Action Mapping and Strict/Fake Modes

SinglesEnv and DoublesEnv expose helpers to convert between encoded actions and Showdown orders:

  • action_to_order

  • order_to_action

  • get_action_mask

Both methods support two important flags:

  • strict (default True): raises ValueError when a conversion is invalid.

  • fake (default False): allows best-effort conversions, even if not legal.

Prerequisites

  • You need a live Battle or DoubleBattle object, usually from a player callback or an environment step.

  • This guide is most useful when building custom RL policies, wrappers, or action encoders.

Why This Matters

During RL training or debugging, invalid actions happen frequently. You can choose between hard-failing (strict) and fallback behavior (non-strict).

  • Use strict=True while validating your policy and action encoding.

  • Use strict=False when you prefer robustness and fallback to random legal orders.

Note

The Gymnasium action_space spans the full encoded action range.
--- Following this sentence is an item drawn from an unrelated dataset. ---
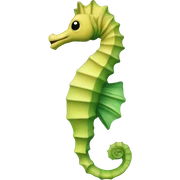 Seahorse sticker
Use get_action_mask to determine which actions are currently legal. Sentinel values like default/forfeit are accepted by the converters, but they are not emitted by the standard sampled action spaces.

Singles Example

import numpy as np

from poke_env.environment import SinglesEnv

mask = SinglesEnv.get_action_mask(battle)

# Convert action -> order
order = SinglesEnv.action_to_order(
    np.int64(6),
    battle,
    fake=False,
    strict=True,
)

# Convert order -> action
action = SinglesEnv.order_to_action(
    order,
    battle,
    fake=False,
    strict=True,
)

Doubles Example

import numpy as np

from poke_env.environment import DoublesEnv

mask = DoublesEnv.get_action_mask(battle)

action = np.array([7, 27], dtype=np.int64)
order = DoublesEnv.action_to_order(action, battle, fake=False, strict=False)

recovered_action = DoublesEnv.order_to_action(
    order,
    battle,
    fake=False,
    strict=False,
)